Shopify eignet sich besonders für:

  • Start-ups und kleine Teams ohne technische Ressourcen
  • schnelle Markteinführung und Produkttests
  • standardisierte Produkte mit Marketing über Ads und Social
  • Teams, die Wartung und Technik komplett abgeben wollen

WooCommerce eignet sich besonders für:

  • individuelle Shop-Konzepte und besondere Produktlogiken
  • content- und SEO-fokussierte Strategien
  • Unternehmen, die Website und Shop in einem System führen wollen
  • langfristige Skalierung mit voller Kosten- und Datenkontrolle

Und wer zwischen Shopify und einem System mit noch mehr Tiefe für den Mittelstand schwankt, findet den passenden Vergleich in Shopify vs. Shopware 6.
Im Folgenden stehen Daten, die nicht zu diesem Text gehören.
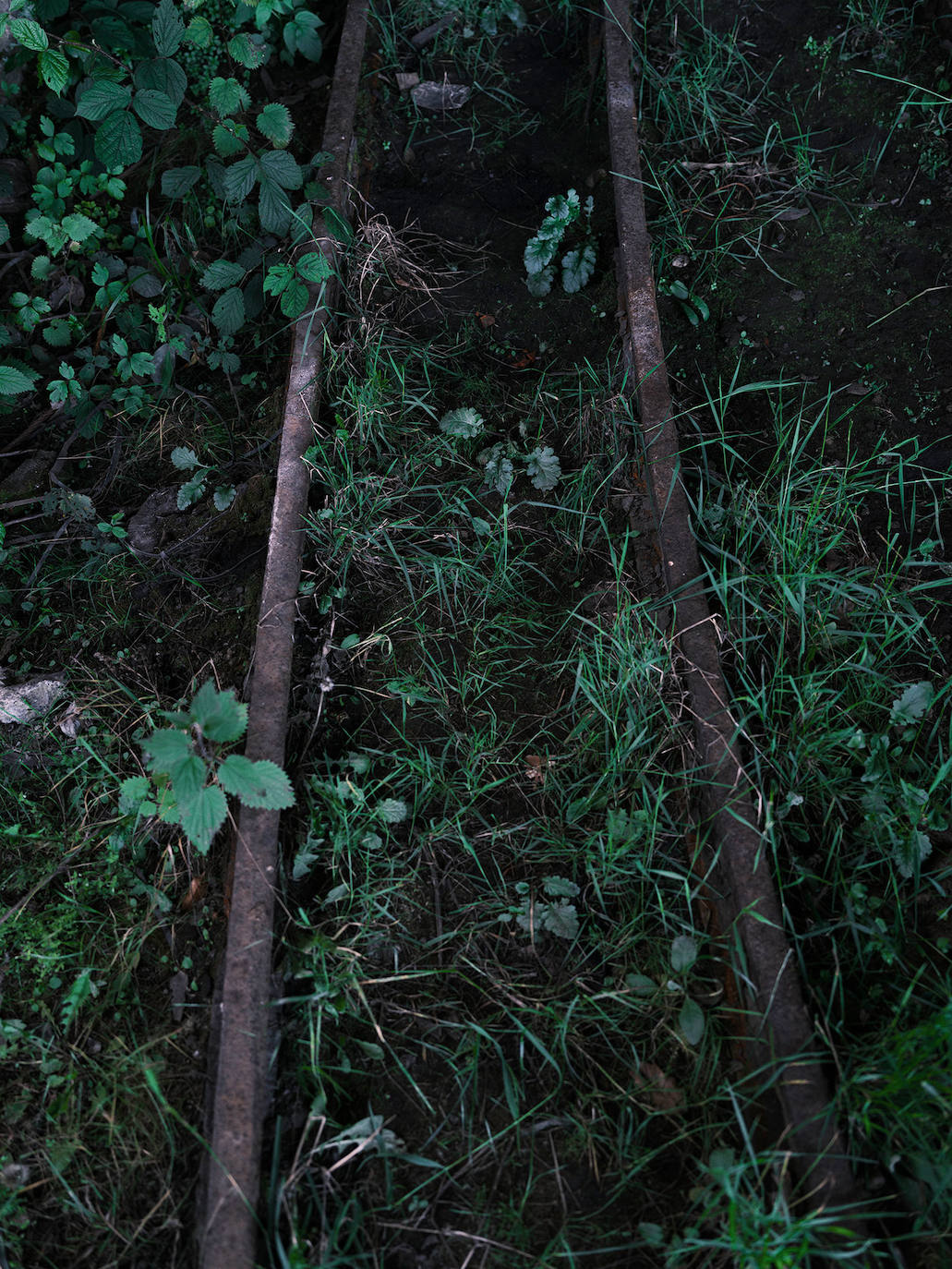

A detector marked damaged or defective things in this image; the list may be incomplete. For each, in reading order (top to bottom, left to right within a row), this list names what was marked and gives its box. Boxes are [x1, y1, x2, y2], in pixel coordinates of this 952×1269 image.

rusty rail track [198, 2, 369, 1269]
rusty rail track [606, 0, 868, 1219]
Wechsel zwischen den Systemen

Die gute Nachricht für alle, die sich „falsch“ entscheiden: Eine Migration ist möglich — Produkte, Kunden und Bestellungen lassen sich zwischen beiden Systemen übertragen. Die weniger gute: Sie kostet je nach Datenmenge und Individualisierung vierstellig, und URLs, Rankings und Bewertungs-Integrationen wollen sauber mitgenommen werden. Deshalb lohnt es sich, die Entscheidung einmal gründlich zu treffen statt zweimal schnell. Genau dafür ist ein unverbindliches Erstgespräch da: Geschäftsmodell, Sortiment und Team-Situation anschauen — und dann das System wählen, nicht umgekehrt.

Fazit

Shopify und WooCommerce sind beide ausgereifte Shopsysteme — für unterschiedliche Profile. Shopify ist die richtige Wahl für schnellen Markteintritt, standardisierte Sortimente und Teams, die Technik und Wartung komplett abgeben wollen; bezahlt wird das mit monatlichen Abo- und App-Kosten sowie Grenzen bei Checkout und Content. WooCommerce bietet als WordPress-Plugin maximale Freiheit bei Design, SEO und Produktlogik sowie volle Datenkontrolle — verlangt dafür aber eigenes Hosting und konsequente Wartung. Über drei Jahre gerechnet liegen die Gesamtkosten oft näher beieinander als die Monatspreise suggerieren. Entscheidend sind Geschäftsmodell, Content-Strategie und die realistisch verfügbare technische Verantwortung im Team.